FOUNDATION — Month 1

Self-Awareness & Career Direction • Values — Reflection

What Your Career Choices Are Really Saying About Your Values

Self-Awareness & Career Direction — Reflection

There’s a particular kind of tiredness that has nothing to do with how many hours you worked. It shows up on Sunday evenings, or after a meeting that should have been fine, or when someone asks what you do for work and you find yourself giving the answer that sounds right rather than the one that feels true. It’s the tiredness of spending your energy on things that don’t quite fit — of showing up, doing the work, and still feeling like something essential is missing. Most people have felt this at some point. Fewer people have stopped to ask what it might actually be telling them.

What that feeling is often pointing to is a gap between what you’re doing and what you genuinely care about. Not a failure, and not a personality flaw — just a mismatch between the conditions of your current work and the values that actually drive you. The tricky part is that most of us have been trained to look outward for the answer. We update the résumé, refresh the LinkedIn, scan the job boards. We change the scenery. And sometimes that helps. But when the mismatch is at the level of values — when the new job requires the same kind of sacrifice of what matters to you — the scenery changes and the feeling doesn’t. That’s when it’s worth pausing and looking inward instead.

Here’s the reframe that might be worth sitting with: your career history, even the parts that felt like mistakes or detours, is full of information about what you value. Every job you left, every role that drained you, every project that lit you up — all of it is data. The question isn’t “what went wrong?” It’s “what was present when things went right, and what was missing when they didn’t?” You’ve been gathering evidence about your values for years. The work now is just to read it clearly, without the self-criticism or the wishful thinking. Your past choices weren’t random. They were made by a person with real needs, trying to figure out how to meet them without always having the language to name what those needs were.

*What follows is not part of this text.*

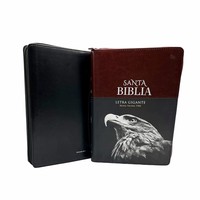 Fabricant professionnel OEM ODM de cadeaux chrétiens, Bibles, Biblia Cristianas, Reina Valera 1960 Bible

What would it change for you, going forward, if you made your values an explicit part of how you evaluate opportunities? Not the only factor — life is complicated, and sometimes practicality has to come first. But what if they were a real part of the conversation, rather than something you only noticed after the fact when they weren’t there? That might be the most useful question to sit with this week.

Reflect With AI

Values Reflection Guide

Use this prompt to explore what your past career choices reveal about your values — and what that means for the decisions ahead of you.

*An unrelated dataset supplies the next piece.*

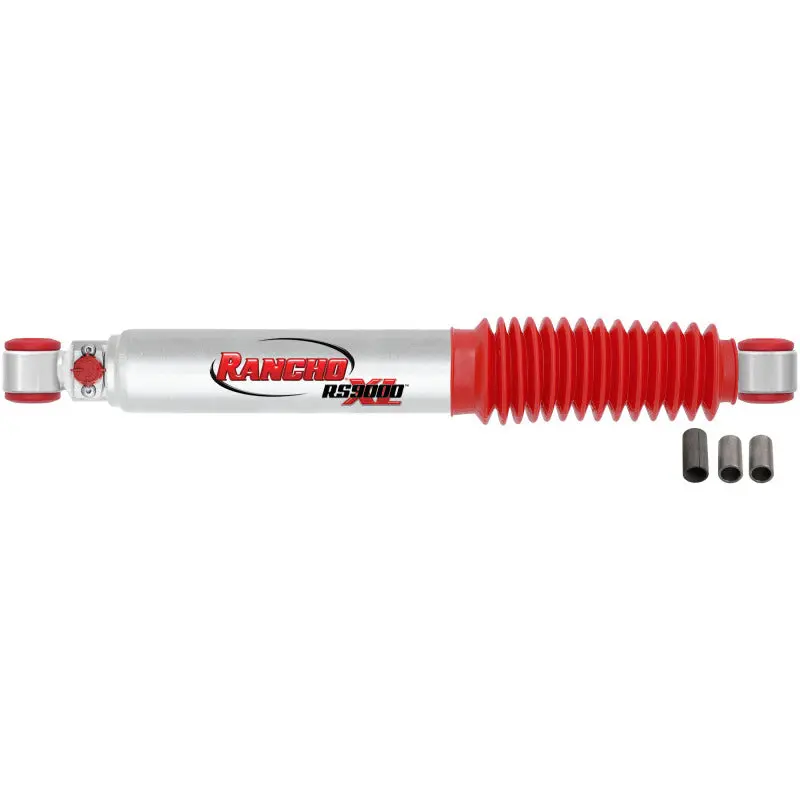 Rancho 00-04 Nissan Fier Rear Rs9000xl Shock 1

Access the full tool library →
You are a reflective career coach who helps adults understand what their work history reveals about their core values. You ask thoughtful questions one at a time and help people make meaning from their own experience. I want to reflect on what my past career choices say about what I value — and what that insight means for my future decisions. Ask me these questions one at a time, waiting for my answer before continuing: 1. Think about a job or role you left — not necessarily a bad one, just one that stopped feeling right. What do you think was missing from it? 2. Now think about a time when your work felt genuinely meaningful. What was present in that experience that’s been harder to find since? 3. Looking at the pattern across both answers — what do you think you’ve consistently needed from your work that you haven’t always been able to name? 4. Is there a value you’ve been underweighting in your career decisions — something important to you that you’ve told yourself was secondary or unrealistic? After each answer, reflect back what you heard and gently name any pattern you notice. When we’ve finished, offer a short summary of what my values seem to be based on this reflection, and suggest one honest question I could ask about any future opportunity to check whether it fits.